◆ **Data for analysis**
○ ○ ○ ○ ○

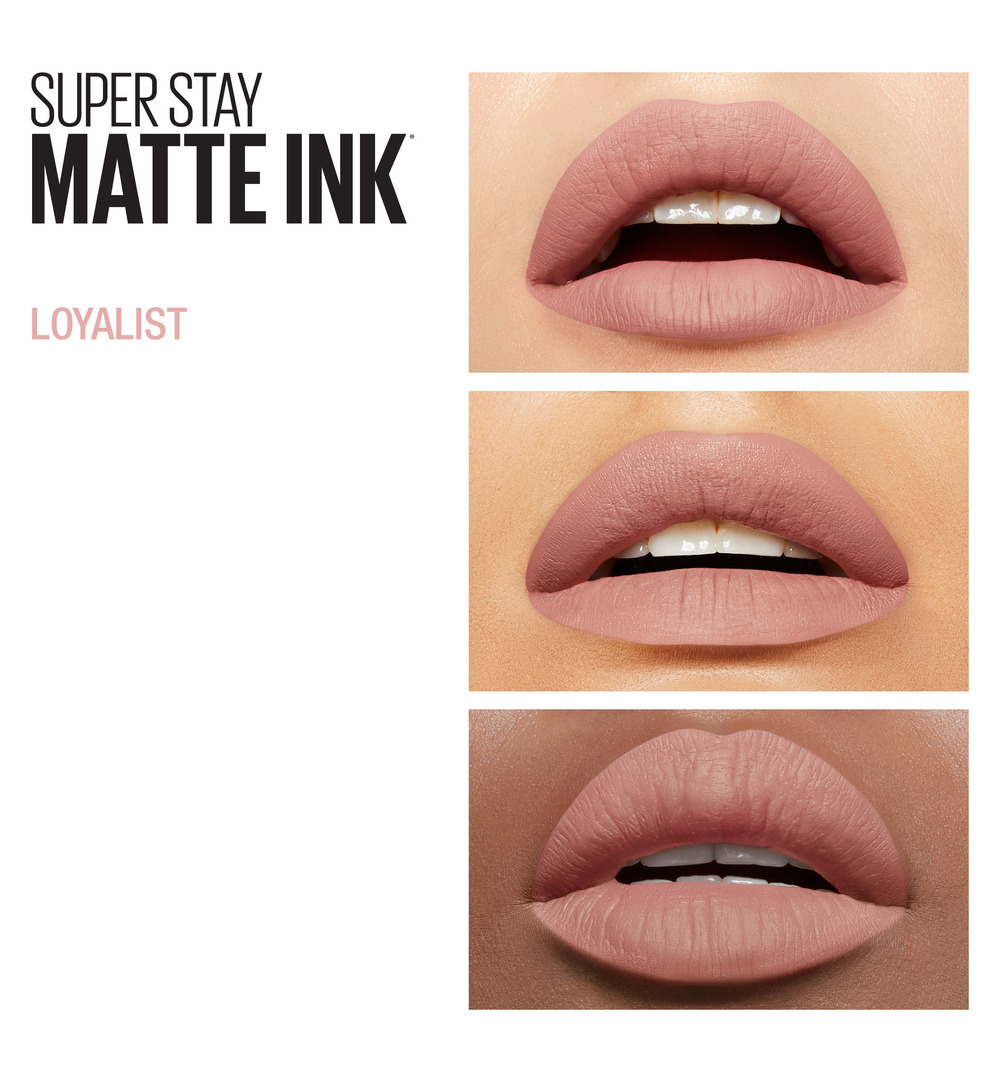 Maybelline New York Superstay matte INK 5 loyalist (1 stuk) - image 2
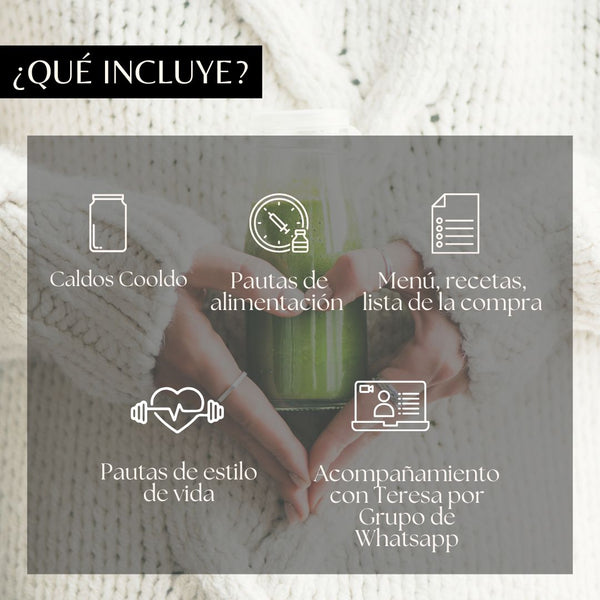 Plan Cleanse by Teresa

○ ○ ○ ○ ○

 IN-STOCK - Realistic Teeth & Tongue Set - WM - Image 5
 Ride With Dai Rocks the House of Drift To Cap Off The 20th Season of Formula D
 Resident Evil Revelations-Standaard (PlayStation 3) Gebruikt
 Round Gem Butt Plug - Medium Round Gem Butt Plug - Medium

○ ○ ○ ○ ○

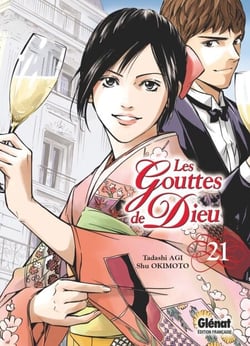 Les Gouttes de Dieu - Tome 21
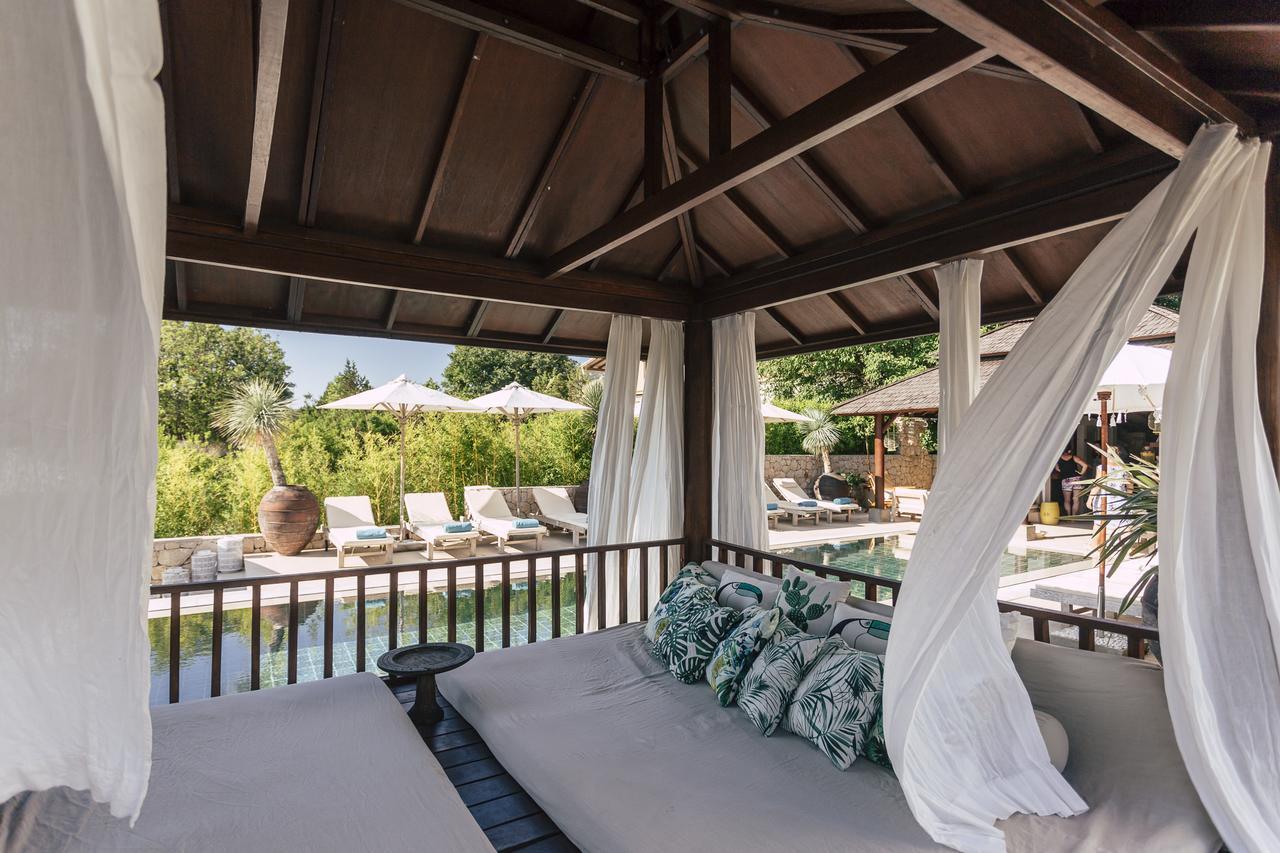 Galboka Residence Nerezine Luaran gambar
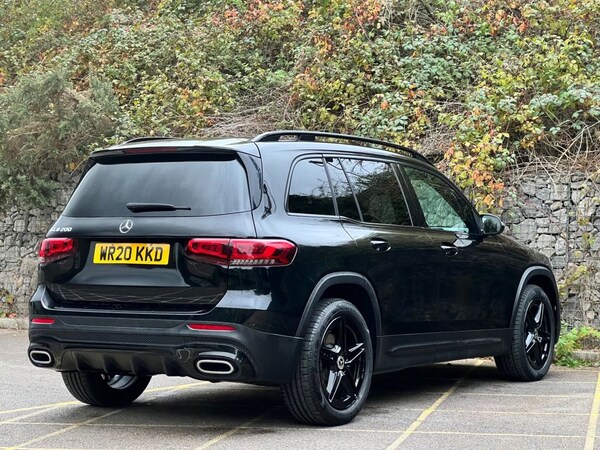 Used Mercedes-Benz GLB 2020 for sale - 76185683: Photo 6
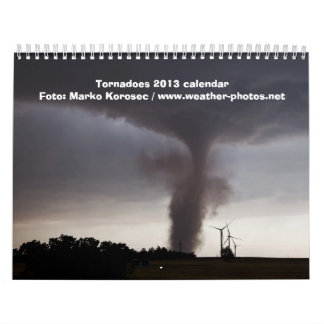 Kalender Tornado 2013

○ ○ ○ ○ ○

Return exactly the lines of the material above, starting at the line containing "Maybelline New York" and finishing at the line containing "Plan Cleanse by Teresa", without any pictures.

 Maybelline New York Superstay matte INK 5 loyalist (1 stuk) - image 2
 Plan Cleanse by Teresa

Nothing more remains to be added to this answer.